Multiple vendors are readying bids for Australia’s Project LAND 4503 Armed Reconnaissance Capability program involving the acquisition of up to 29 attack helicopters. The new helicopters will serve as a replacement for the Australian Army’s current stock of 22 EC665 Tiger armed reconnaissance helicopters (ARHs).
Australia’s Department of Defense (DoD) issued a Request for Information (RFI) regarding the project back in mid-July, which would see Initial Operational Capability (IOC) set for 2026 with 12 airframes delivered and Final Operational Capability (FOC) for the entire 29-unit fleet targeted for 2028. The DoD plans for 24 of these new helicopters to be based at a single location while the remaining five will serve as trainers.

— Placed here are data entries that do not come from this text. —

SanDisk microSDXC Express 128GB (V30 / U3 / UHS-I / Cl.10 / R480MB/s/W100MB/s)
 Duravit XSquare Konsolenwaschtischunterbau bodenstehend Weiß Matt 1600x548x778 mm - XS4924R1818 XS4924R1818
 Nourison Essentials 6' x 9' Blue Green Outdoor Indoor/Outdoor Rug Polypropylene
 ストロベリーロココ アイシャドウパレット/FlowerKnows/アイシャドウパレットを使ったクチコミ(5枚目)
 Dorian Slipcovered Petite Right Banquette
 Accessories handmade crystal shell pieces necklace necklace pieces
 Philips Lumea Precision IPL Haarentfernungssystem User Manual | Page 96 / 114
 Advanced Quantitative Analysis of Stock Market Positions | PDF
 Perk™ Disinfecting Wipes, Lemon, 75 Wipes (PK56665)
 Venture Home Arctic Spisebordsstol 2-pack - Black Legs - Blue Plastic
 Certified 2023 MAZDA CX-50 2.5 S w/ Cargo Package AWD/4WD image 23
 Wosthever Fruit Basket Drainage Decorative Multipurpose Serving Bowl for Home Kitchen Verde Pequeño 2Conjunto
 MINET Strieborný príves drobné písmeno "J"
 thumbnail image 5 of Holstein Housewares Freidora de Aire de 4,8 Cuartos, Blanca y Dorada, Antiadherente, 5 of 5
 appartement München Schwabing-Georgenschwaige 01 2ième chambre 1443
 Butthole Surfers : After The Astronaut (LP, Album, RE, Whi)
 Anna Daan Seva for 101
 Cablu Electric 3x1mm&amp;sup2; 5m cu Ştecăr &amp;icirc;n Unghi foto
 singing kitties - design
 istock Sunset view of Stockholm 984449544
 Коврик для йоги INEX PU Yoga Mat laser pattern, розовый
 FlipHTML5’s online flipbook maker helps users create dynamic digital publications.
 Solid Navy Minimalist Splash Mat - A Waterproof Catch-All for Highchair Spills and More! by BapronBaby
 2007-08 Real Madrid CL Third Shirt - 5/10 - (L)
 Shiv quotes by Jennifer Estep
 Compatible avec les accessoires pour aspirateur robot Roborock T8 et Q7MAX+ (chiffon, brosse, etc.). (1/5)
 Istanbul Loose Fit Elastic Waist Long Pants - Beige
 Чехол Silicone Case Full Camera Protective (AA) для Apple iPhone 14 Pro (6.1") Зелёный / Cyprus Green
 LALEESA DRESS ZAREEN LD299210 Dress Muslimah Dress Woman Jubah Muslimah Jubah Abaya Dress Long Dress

Three contenders lining up for the LAND 4503 competition include Airbus Helicopters, Textron subsidiary Bell and Boeing.
Airbus Helicopters is marketing its Tiger Mk3 as the “Tiger platform beyond 2020” that will not only provide a serviceable platform with local industrial opportunity for Australia, but a cheaper alternative to the tune of over AUD3 billion ($2 billion).
Boeing, too, is pitching local industrial workshare as it promotes its AH-64E Apache.
Bell, meanwhile, is offering up the AH-1Z Viper, a marinized platform designed for amphibious operations and used by the U.S. Marine Corps.
Each offering represents a mature platform – something sought under the RFI in order to reduce program risk.
Although the Tiger ARHs delivered between 2004 and 2011 under Project AIR 87 have finally achieved a satisfactory level of serviceability and performance with the Australian Army, years of issues with the fleet prompted the DoD to forego an AUD500‑AUD700 million capability upgrade and opt instead to retire the Tigers in the mid-2020s.